● Given records
↓↓↓

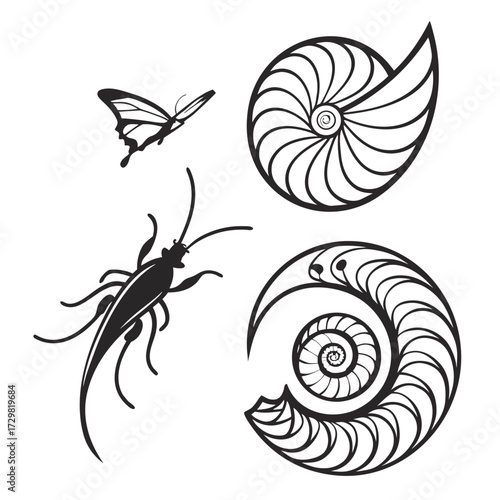 Collection of black silhouette illustrations featuring a butterfly a grasshopper and two nautilus shell designs on a white background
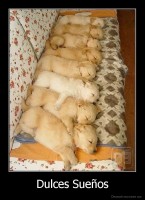 Dulces Sueños - 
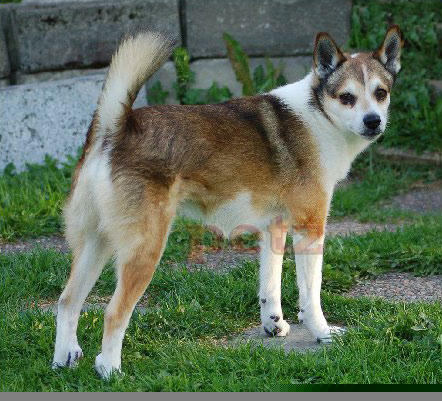 Chó sáu ngón chân Lundehund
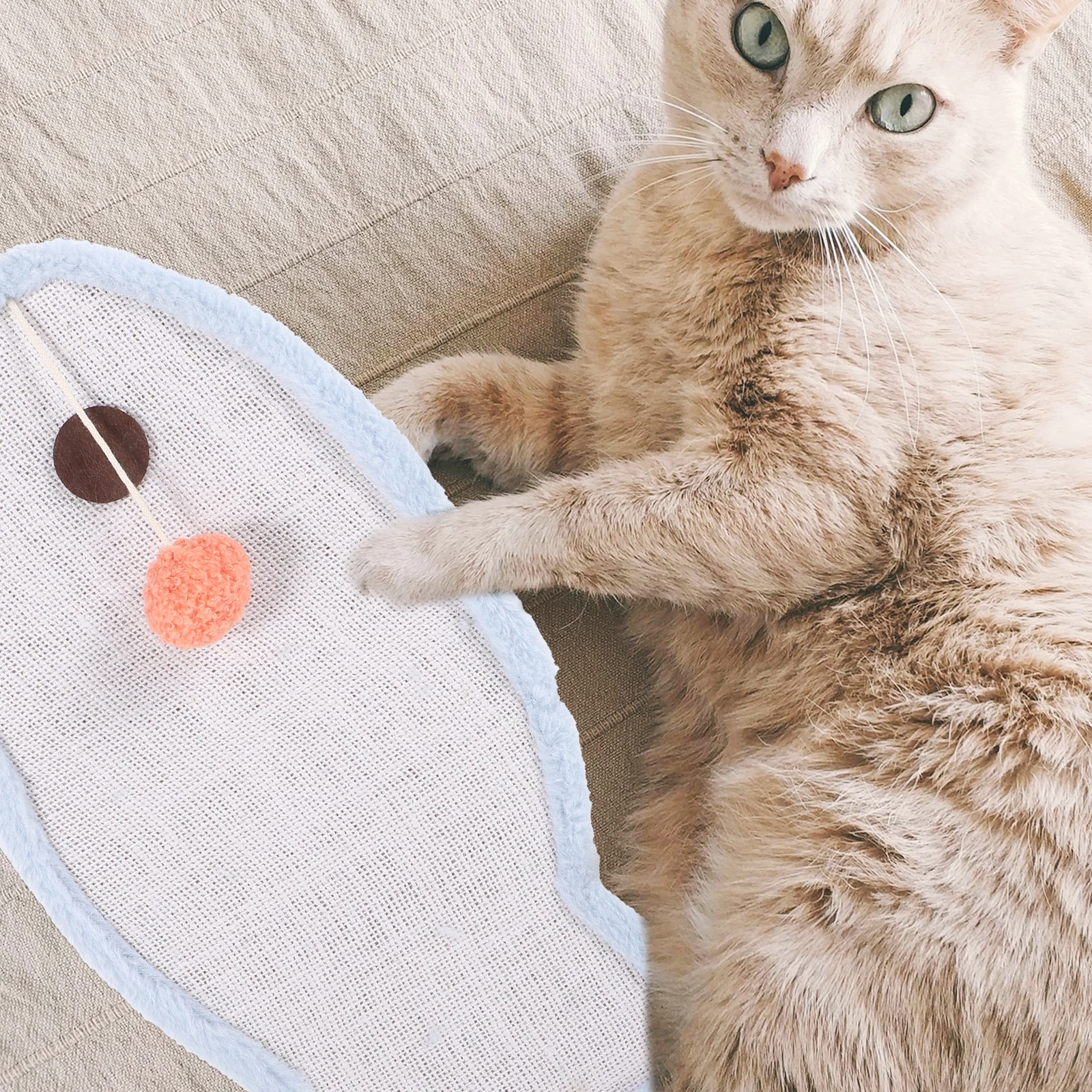 

Cat Scratching Whale Indoor Cat Pad Blue Durable Sisal Large Surface Protect Furniture Indoor Pet Supplies Kitten Toy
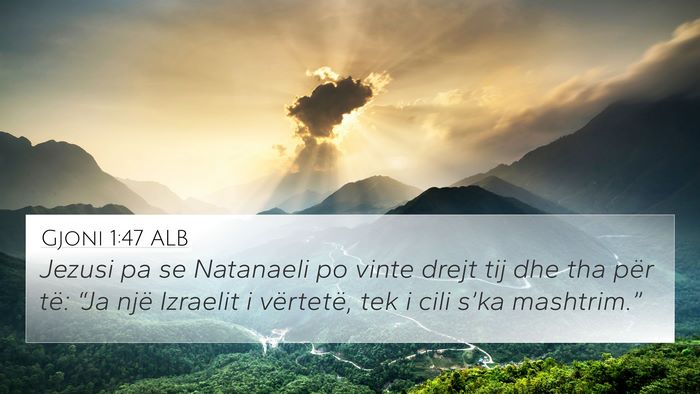 Gjoni 1:47 ALB Bible Verse Image
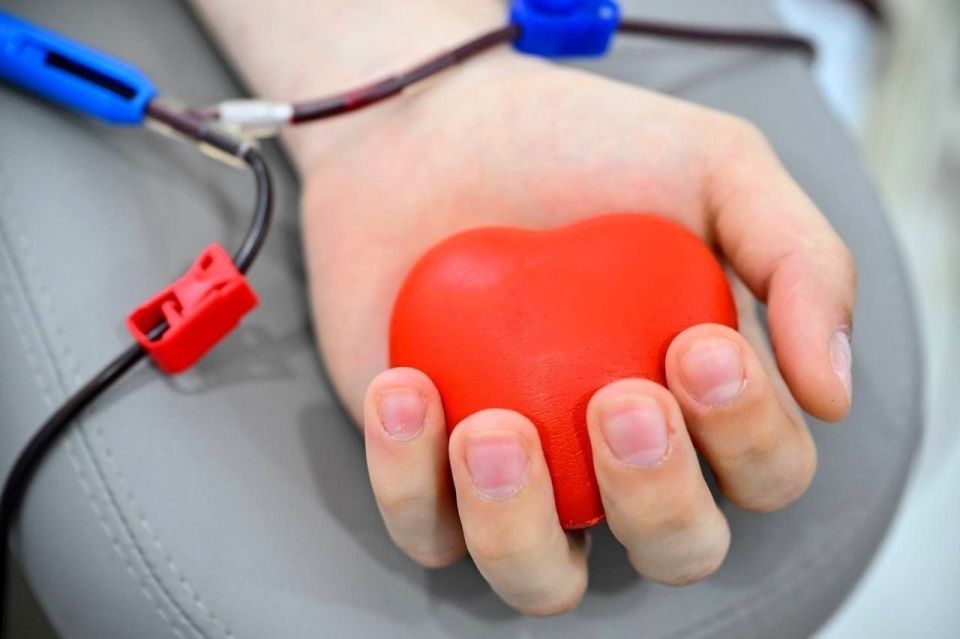 �������� ��������: ���� ����� ��� ������ �����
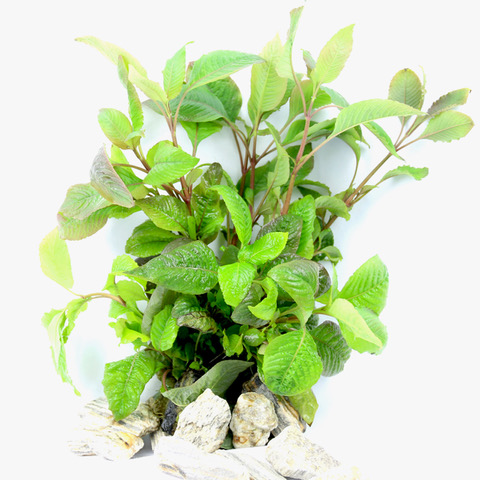 Hygrophila corymbosa in pot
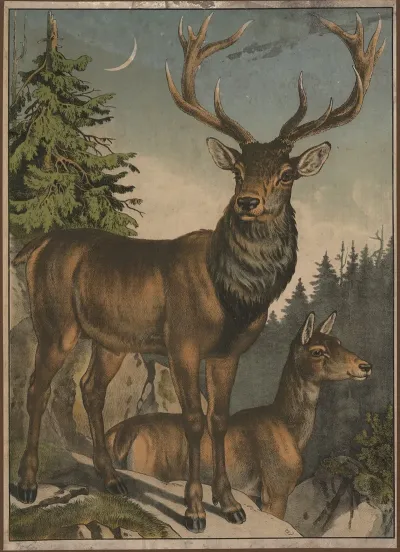 Red Deer 2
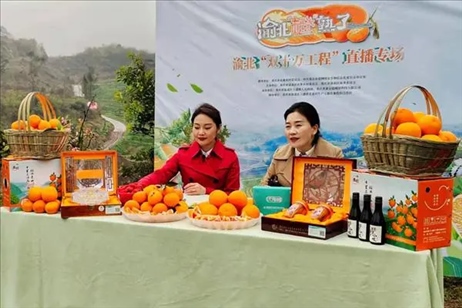 2021年2月26日，在重慶渝北區(qū)大盛鎮(zhèn)青龍村舉辦的直播活動(dòng)現(xiàn)場(chǎng)。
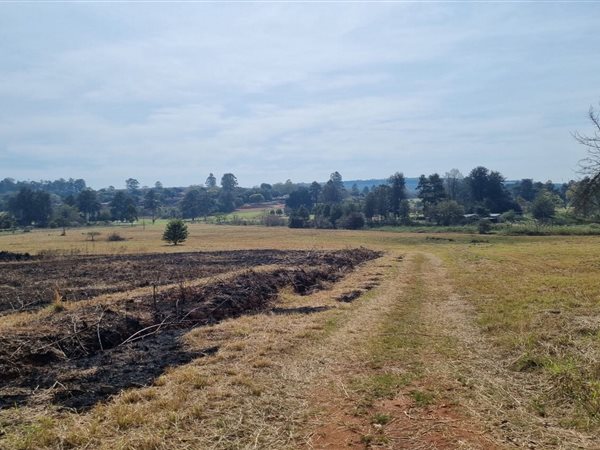 1.3 ha Land available in White River
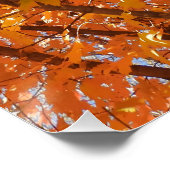 Poster Jolie Orange Fall Leaves (Coin)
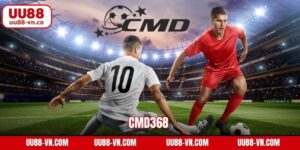 CMD368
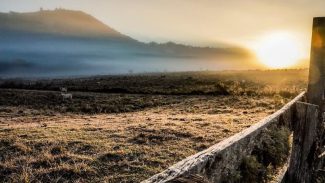 Cidades do Sul registram temperaturas negativas neste domingo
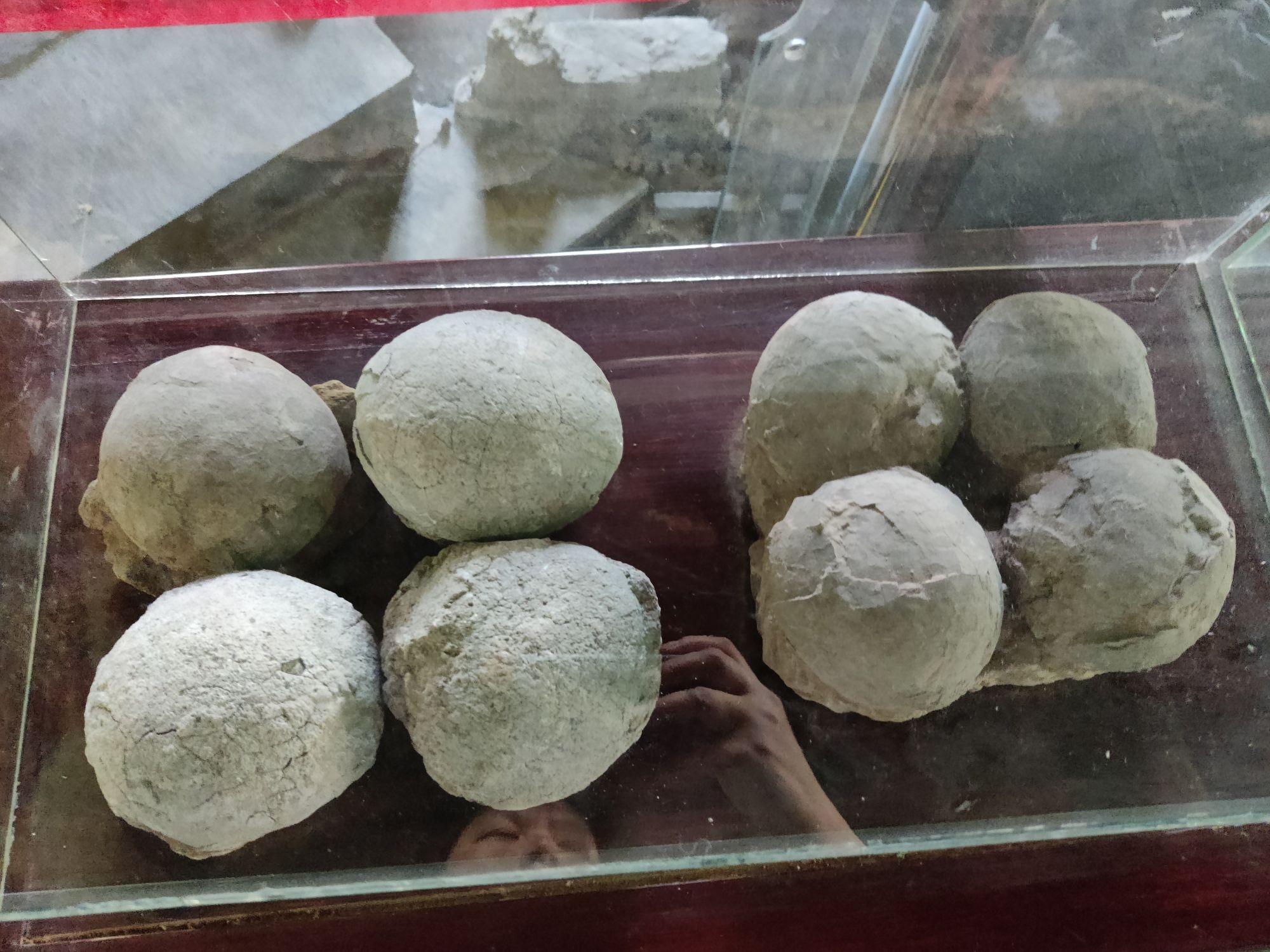 天津宝成博物苑-奇石园(暂停开放)旅行图片 1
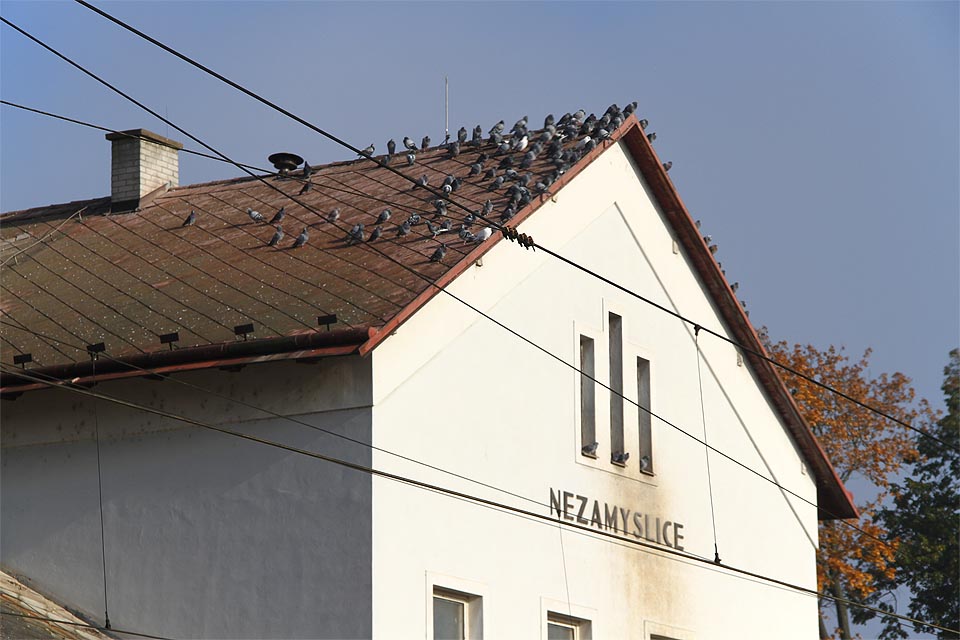 Holubi na střeše staniční budovy v Nezamyslicích v předvečer zimy roku 2015.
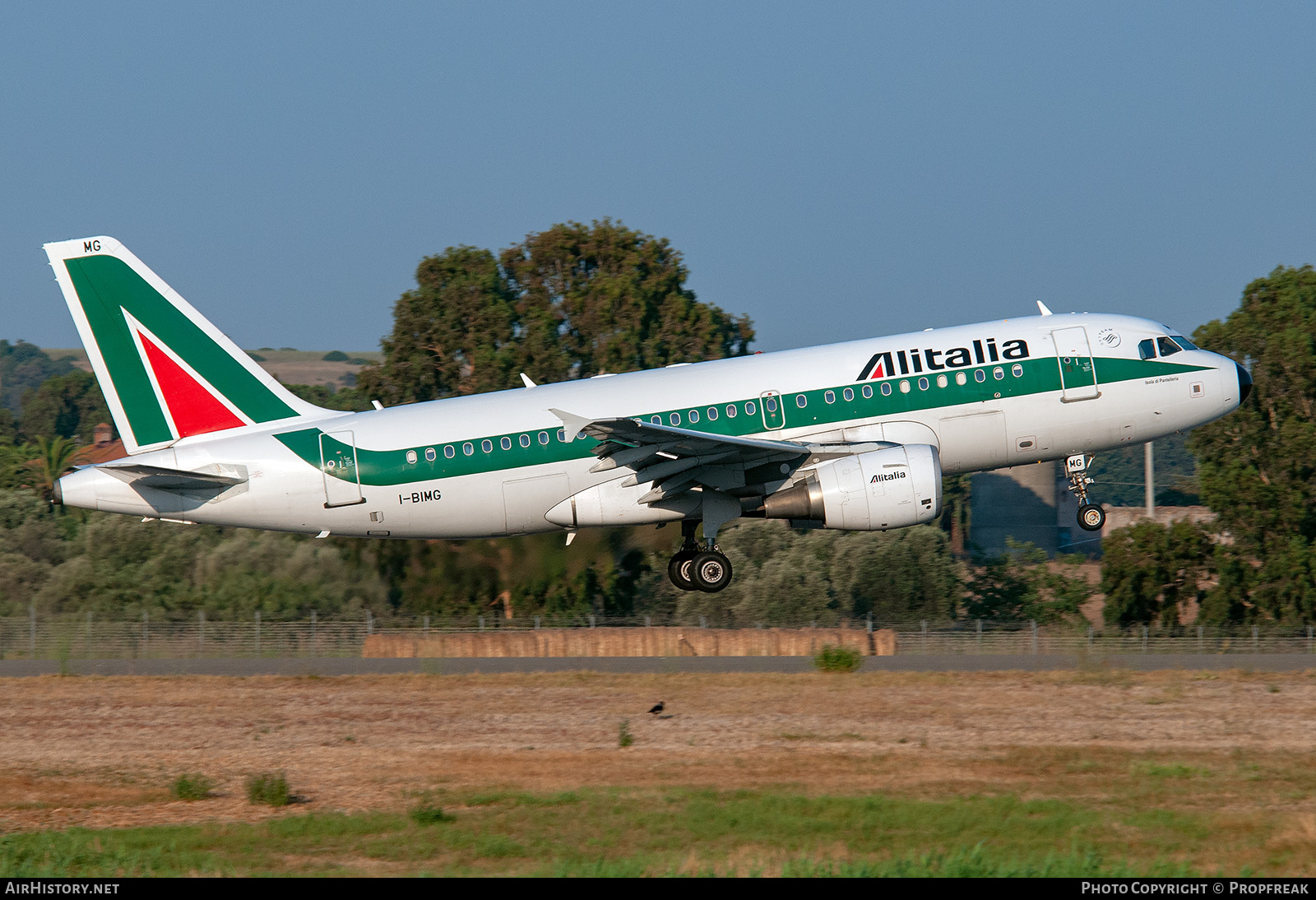 Aircraft Photo of I-BIMG | Airbus A319-112 | Alitalia | AirHistory.net #743146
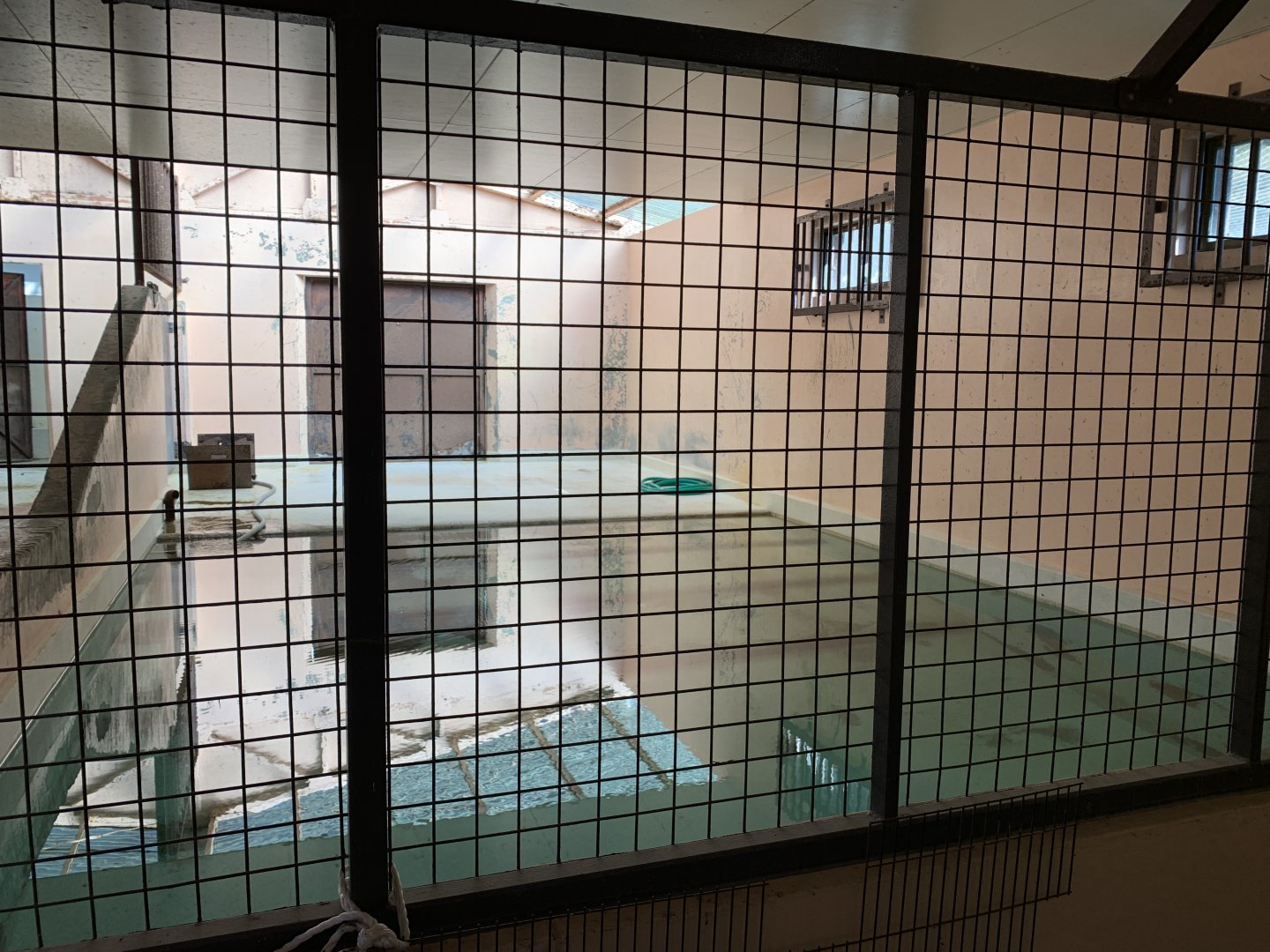 Hippo Indoor Pool (Himeji City Zoo)
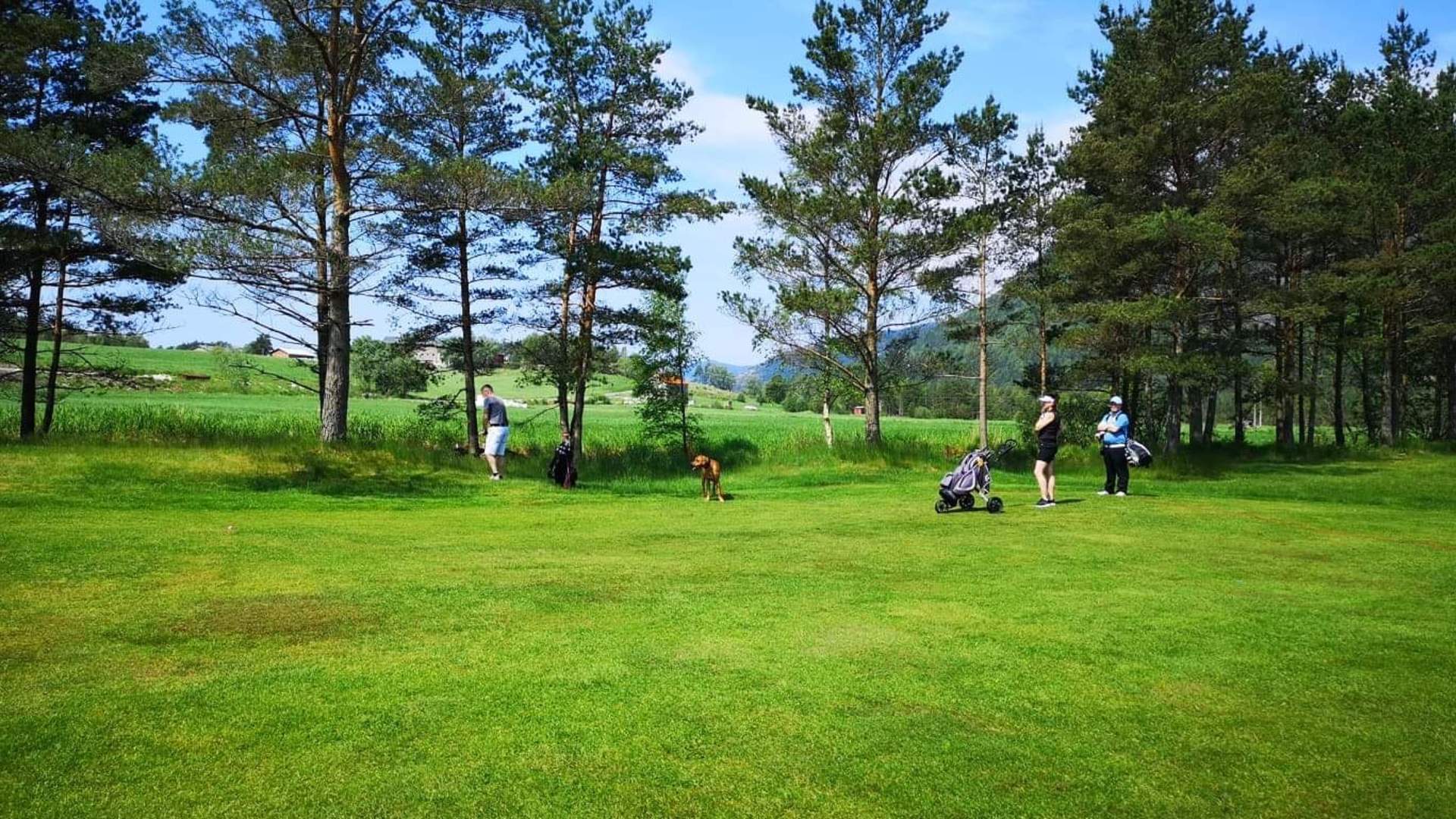 Preikestolen Golfklubb på Jørpeland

↑↑↑

● To do
Your answer must reproduce exactly the lines from the line with "1.3 ha Land available in White River" through the end of the material, both ends included, with every picture dropped.

● Response area
 1.3 ha Land available in White River
 Poster Jolie Orange Fall Leaves (Coin)
 CMD368
 Cidades do Sul registram temperaturas negativas neste domingo
 天津宝成博物苑-奇石园(暂停开放)旅行图片 1
 Holubi na střeše staniční budovy v Nezamyslicích v předvečer zimy roku 2015.
 Aircraft Photo of I-BIMG | Airbus A319-112 | Alitalia | AirHistory.net #743146
 Hippo Indoor Pool (Himeji City Zoo)
 Preikestolen Golfklubb på Jørpeland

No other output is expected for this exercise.